Le Clézio et Dong Qiang au Palais d'été
Homme simple. Le premier repas à Pékin, sous sa demande, est juste un bol de nouilles. Et encore, il trouve que c'est trop. C'est trop copieux, voulez-vous le partager avec moi ?
Le soir, malgré ses insistances, j'ai proposé de l'amener dans un restaurant « branché » qui se trouve à côté de The Place. Ambiance joyeuse, quasi hollywoodienne. Cuisine pimentée. En Corée, je me suis habitué aux piments, m'assure-t-il. Je lui réponds en souriant que malgré tout ce qu'il peut connaître en Corée, les piments chinois sont dix fois plus « puissants ». Ce qu'il a pu vérifier tout de suite. Et dans les jours suivants, je crois qu'il a évité prudemment les petits piments rouges, redoutables.
Le 6, décembre, un dimanche. Le matin, il apparaît au campus de l'Université de Pékin. Il décerne le prix Fulei, en présence de son excellence M. Hervé Ladsous, ambassadeur de France en Chine, et Mme Tie Ning, présidente de l'Association des Ecrivains Chinois. Fan Zeng, grand maître de peinture chinoise, offre à cette occasion une estampe unique du portrait de Fulei qu'il a effectué lui-même.
Les lauréats, l'un venant de Shanghai et l'autre venant des Etats-Unis, ont reçu de sa main les certificats du prix. Ils ont tous exprimé l'idée que c'était le plus grand moment de leur vie.
L'après-midi, je l'ai invité à faire un tour dans l'ancien Palais d'été.
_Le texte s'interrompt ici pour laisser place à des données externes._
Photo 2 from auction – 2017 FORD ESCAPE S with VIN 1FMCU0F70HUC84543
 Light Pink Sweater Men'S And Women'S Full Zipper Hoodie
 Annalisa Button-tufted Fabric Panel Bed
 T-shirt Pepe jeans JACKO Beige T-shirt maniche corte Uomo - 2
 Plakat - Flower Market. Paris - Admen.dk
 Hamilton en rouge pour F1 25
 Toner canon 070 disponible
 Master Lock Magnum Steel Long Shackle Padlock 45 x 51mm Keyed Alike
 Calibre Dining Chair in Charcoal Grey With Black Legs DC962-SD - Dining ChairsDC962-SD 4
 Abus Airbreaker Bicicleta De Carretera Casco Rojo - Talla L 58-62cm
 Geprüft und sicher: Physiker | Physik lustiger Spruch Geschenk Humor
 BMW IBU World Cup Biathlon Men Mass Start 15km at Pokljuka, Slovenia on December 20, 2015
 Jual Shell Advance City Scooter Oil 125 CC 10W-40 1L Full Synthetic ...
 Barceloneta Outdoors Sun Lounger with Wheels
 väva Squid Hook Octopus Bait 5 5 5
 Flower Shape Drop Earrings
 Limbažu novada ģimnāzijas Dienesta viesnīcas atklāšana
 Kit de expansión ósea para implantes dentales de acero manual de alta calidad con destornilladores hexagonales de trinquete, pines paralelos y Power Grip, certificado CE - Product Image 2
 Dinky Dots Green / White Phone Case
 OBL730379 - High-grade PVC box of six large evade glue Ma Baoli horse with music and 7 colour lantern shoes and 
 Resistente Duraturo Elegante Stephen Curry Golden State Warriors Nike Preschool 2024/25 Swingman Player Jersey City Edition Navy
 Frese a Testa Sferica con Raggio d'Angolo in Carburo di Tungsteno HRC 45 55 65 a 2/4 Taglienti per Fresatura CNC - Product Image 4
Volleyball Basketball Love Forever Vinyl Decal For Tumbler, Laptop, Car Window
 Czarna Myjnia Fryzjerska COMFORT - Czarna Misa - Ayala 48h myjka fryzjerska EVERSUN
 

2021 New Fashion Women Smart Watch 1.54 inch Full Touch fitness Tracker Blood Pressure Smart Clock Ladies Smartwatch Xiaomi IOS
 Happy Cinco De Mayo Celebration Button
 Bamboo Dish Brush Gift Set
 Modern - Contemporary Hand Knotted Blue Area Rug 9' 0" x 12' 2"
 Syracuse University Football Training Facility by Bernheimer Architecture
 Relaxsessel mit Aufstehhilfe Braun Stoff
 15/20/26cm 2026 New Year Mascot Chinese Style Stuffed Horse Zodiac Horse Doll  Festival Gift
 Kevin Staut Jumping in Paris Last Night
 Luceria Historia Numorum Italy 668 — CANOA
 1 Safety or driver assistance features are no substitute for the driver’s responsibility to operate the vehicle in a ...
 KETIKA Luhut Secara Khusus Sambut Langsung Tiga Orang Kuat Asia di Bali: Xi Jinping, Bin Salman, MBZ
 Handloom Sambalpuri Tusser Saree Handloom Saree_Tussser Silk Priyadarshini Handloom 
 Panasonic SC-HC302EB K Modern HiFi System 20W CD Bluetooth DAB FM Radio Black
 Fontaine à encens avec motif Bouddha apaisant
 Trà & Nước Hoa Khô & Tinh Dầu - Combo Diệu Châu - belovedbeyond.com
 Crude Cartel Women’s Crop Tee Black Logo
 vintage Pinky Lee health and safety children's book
Dans ce lieu de désolation, il a ressenti une grande émotion. Il me dit qu'il ne l'a pas imaginé comme cela, que cet état de ruines pouvait finalement très bien rendre compte le passé. Il a eu l'impression de se promener dans les ruines de Rome comme les grands romantiques du 19ème siècle. Il a ressenti à la fois une douleur et une grandeur. Lorsque je lui ai proposé de prendre une photo de souvenirs devant les ruines, il a dit, avec son humour habituel, qu'il fallait que je la fasse avec lui. Sinon, on me prendra pour un pilleur, avec mon chapeau...
Lors du dîner offert par l'ambassadeur à la Résidence, il a rencontré quelques personalités des plus illustres de la culture chinoise : Jia Zhangke, célèbre cinéaste de la 7 génération, dont le Still Life a remporté le Lion d'or a Venise ; Chen Danqing, grand peintre, et Tie Ning, présidente de l'Association des Ecrivains Chinois, etc.. Avec Jia, il a été dans un même jury à Canne. La retrouvaille était d'une bonne ambiance. Ils s'apprécient mutuellement. Dans un discours prononcé peu de temps après le départ de M. Le Clézio, pour l'obtention de l'insigne de l'Officier des Arts et Lettres, Jia Zhangke a rendu hommage au lauréat du Prix Nobel, pour l'acuité de son regard sur le réel.